Quand faut-il ajouter le frik dans la chorba ?

Le frik doit être ajouté uniquement lorsque la viande et les pois chiches sont quasiment cuits. Après l’avoir soigneusement rincé, on le verse dans le bouillon en mélangeant bien. Il cuit ensuite directement dans la soupe, en absorbant le jus et en épaississant progressivement la préparation. Un ajout trop précoce risquerait de le faire gonfler au point de rendre la chorba trop compacte.

Comment éviter que le frik n’attache au fond de la marmite ?

Pour empêcher le frik de coller, il est important de le rincer avant utilisation, puis de remuer la chorba régulièrement après son ajout. Utiliser une marmite à fond épais et maintenir un feu moyen à doux réduit également ce risque. Si la soupe commence à accrocher, on ajoute un peu d’eau chaude et on mélange délicatement pour décoller le fond sans casser les grains.

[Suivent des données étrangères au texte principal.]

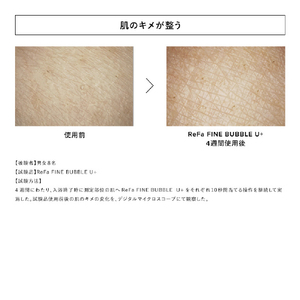 MTG ReFa FINE BUBBLE U+ RS-DE-54A-イメージ4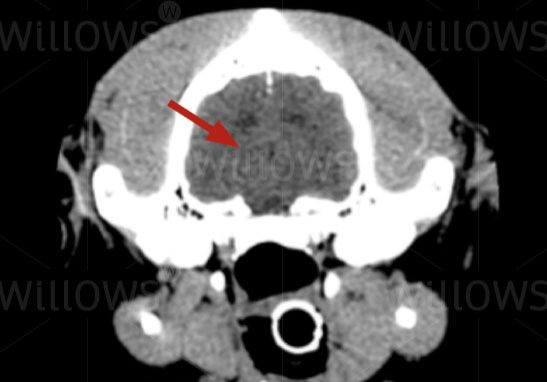 what-is-an-mri-diagram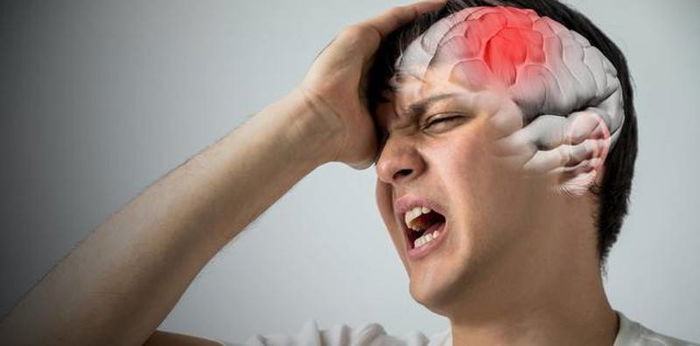 7 Jenis Penyakit Saraf dan Gejala yang Perlu Diwaspadai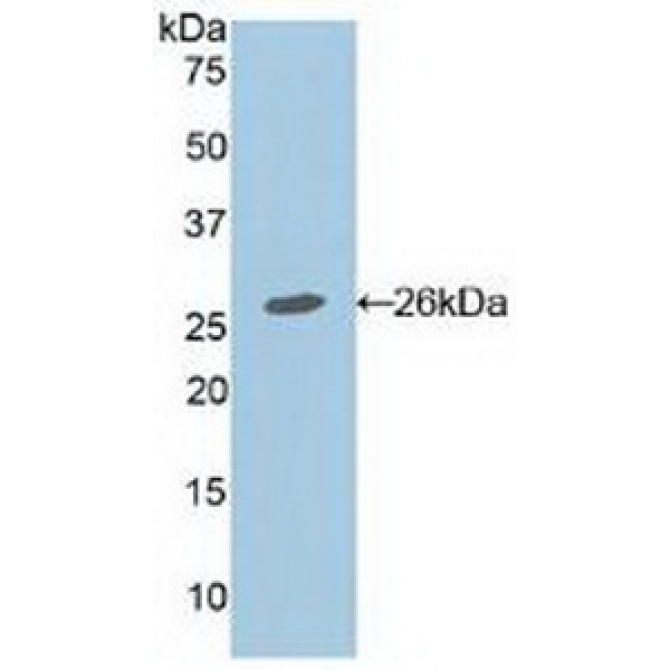Adenomatosis Polyposis Coli Protein (APC) Mouse Polyclonal Antibody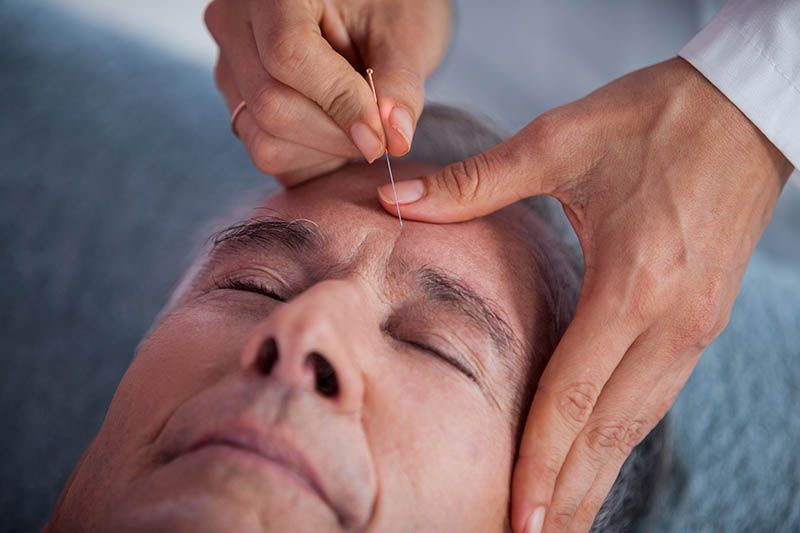 Kan akupunktur forebygge migrene? / 2020 / Helsemagasinet vitenskap og fornuft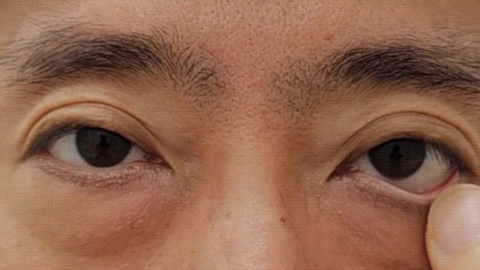 50대 남자눈성형 하안검 수술 케이스 - 세대별 분석으로 접근한 해결 전략 관련 이미지 3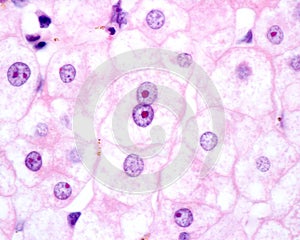 Human hepatocyte. Nucleolus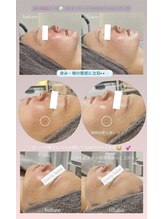 クレヴィー(Creviy)/陶肌ピール1回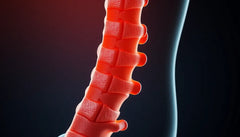 Schmerzfrei leben mit den richtigen spondylose medikamenten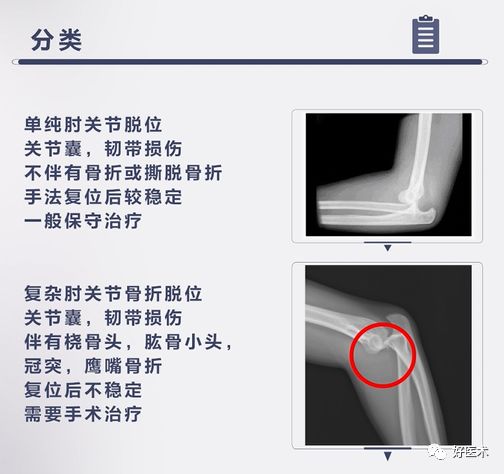 肘关节骨折脱位，我们该如何正确诊治​？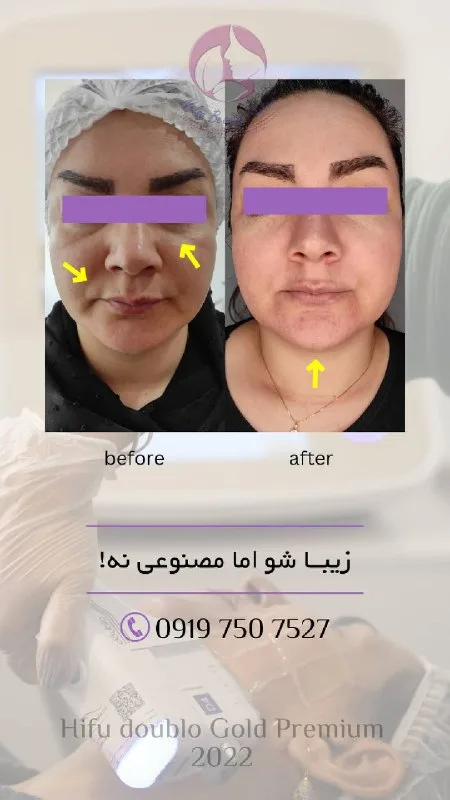 نمونه کار مرکز لیزر نلسا بیوتی سمنان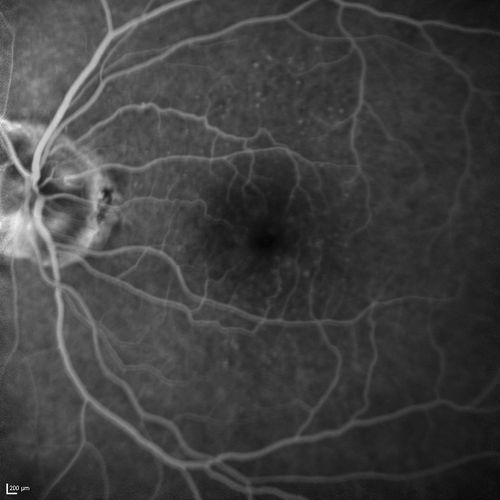 Lumigan (Bimatoprost) Cystoid Macular Edema - Eye Better 1 month after Stopping Lumigan
 82-year-old man had cataract surgery in 1993.  He has had glaucoma for seven or eight years for a long time.  He is taking Lumigan only in the left eye.  About a year ago he started in the right eye and then starting just about a few months ago he has noticed intermittent blurring in the vision in the right eye. Vision 20/25 OD, 20/20 OS
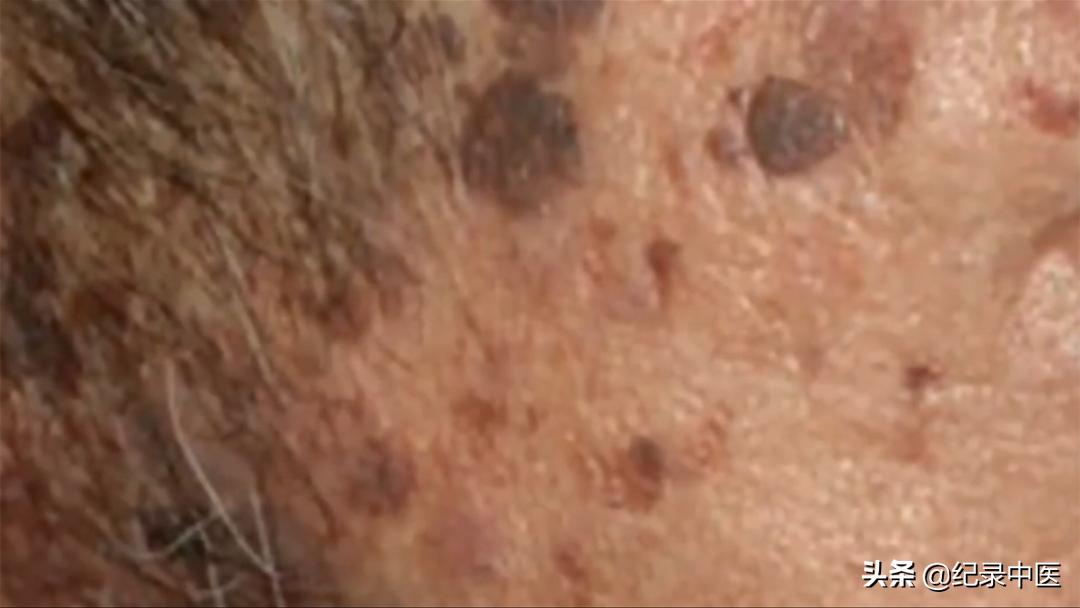 文字版|中医师带瘤生存二十载,如何用中医思维理解癌症?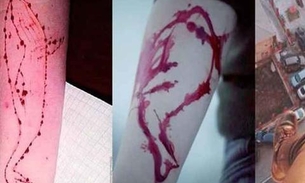 CCJ aprova tipificação do crime de induzir adolescentes a se automutilarem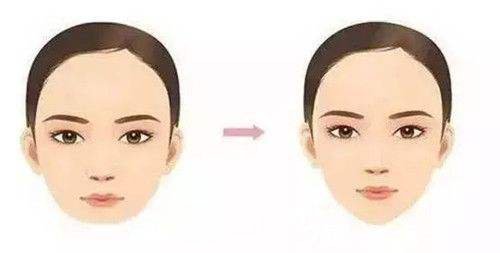 廣州玻尿酸墊下巴價格?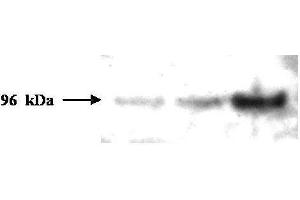 Western blot analysis is shown using  Protein A Purified Mouse Monoclonal Anti-PMS2 antibody to detect human PMS2 protein present in H157 cell lysates. (PMS2 抗体)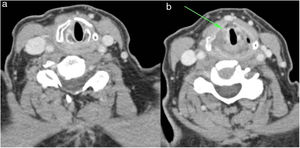 a) La tomografía computarizada mejorada con contraste del cuello después del tratamiento reveló unas cuerdas vocales normales. b) También se observaron cambios posteriores a la radioterapia en la zona subglótica.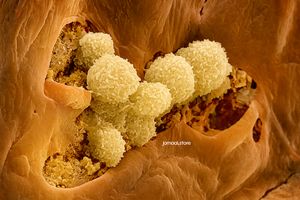 3D Colored SEM of Human Papillomavirus Cells – High-Resolution Scientific Image
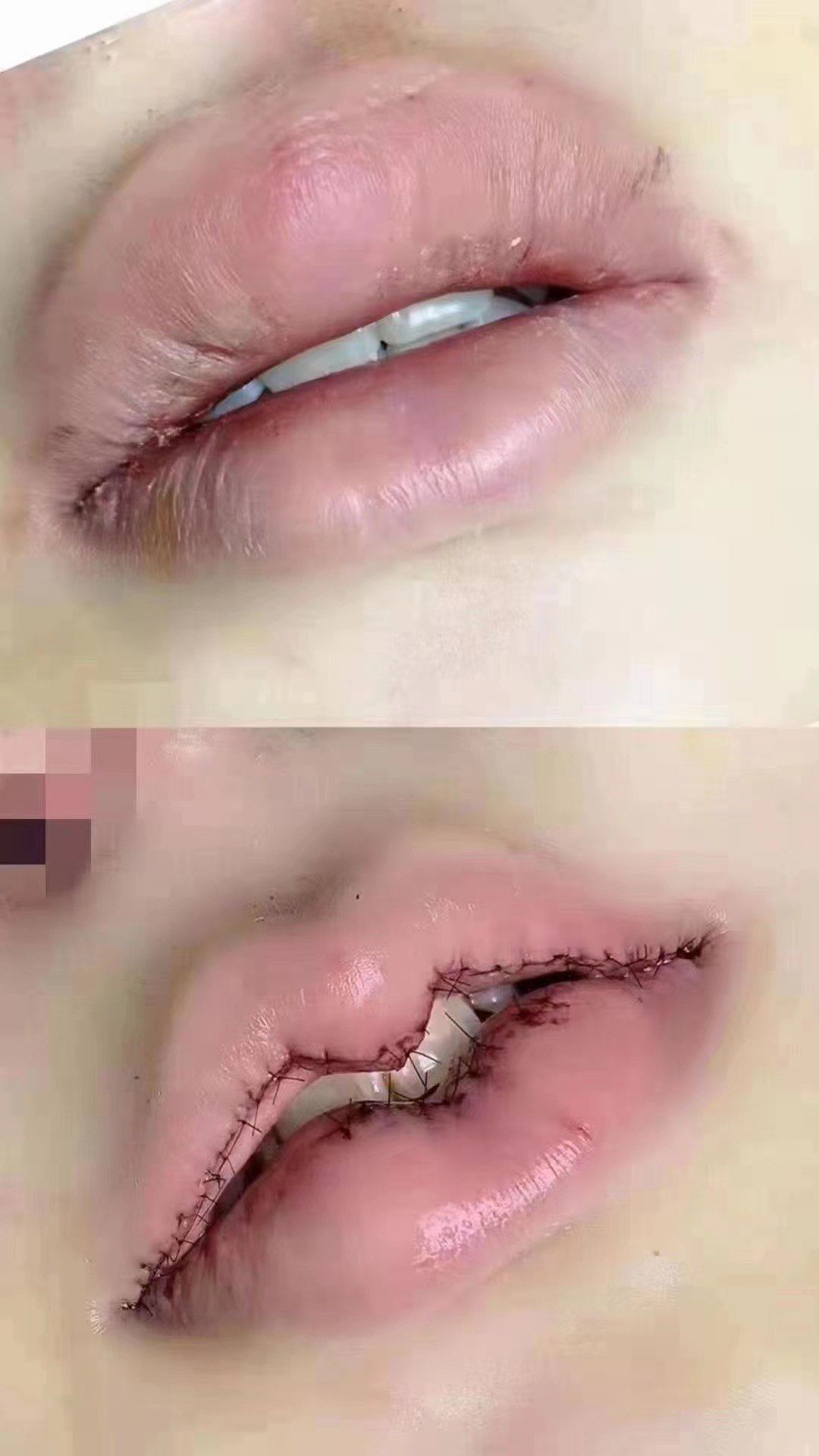 同乐医美,m唇案例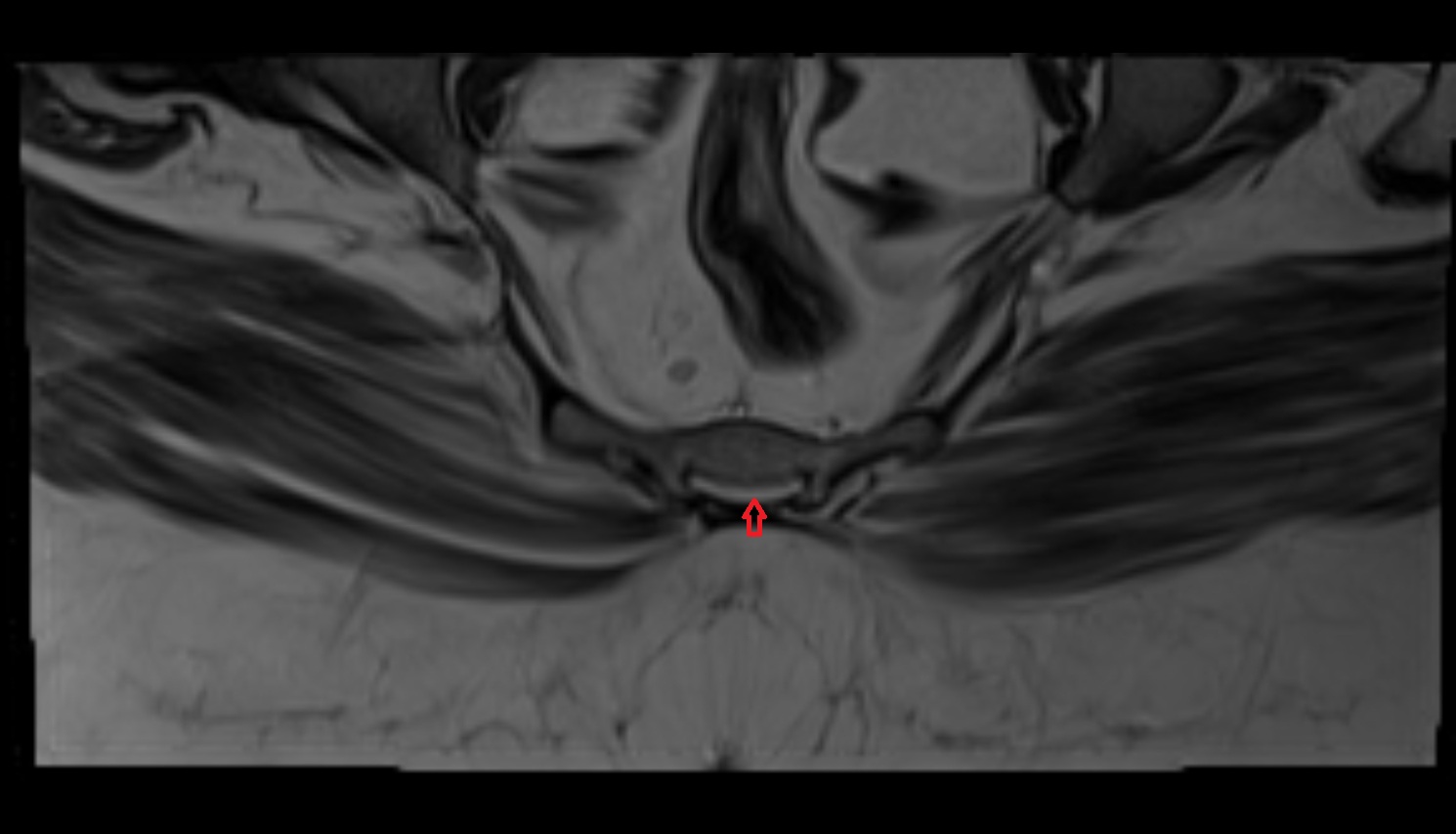 Sacral hiatus  mri coronal  anatomy  image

La chorba frik se congèle-t-elle bien ?

La chorba frik supporte bien la congélation, à condition de ne pas être trop épaisse au moment de la mettre au congélateur. Il est conseillé de la refroidir complètement, puis de la répartir en portions. Au moment de réchauffer, on ajoute un peu d’eau si nécessaire pour retrouver une texture souple, avant de rectifier l’assaisonnement et de rajouter de la coriandre fraîche et du jus de citron.

Quelle est la différence entre chorba frik et jari ?

La chorba frik et le jari désignent en réalité une même famille de soupe au blé vert concassé, la différence tenant surtout à la région et au vocabulaire. Dans l’ouest de l’Algérie, on parle davantage de chorba frik, tandis que dans l’est on emploie souvent le terme jari. Les ingrédients de base restent très proches : frik, viande ou poulet, pois chiches, tomate, céleri, coriandre et épices comme le ras el hanout et le paprika.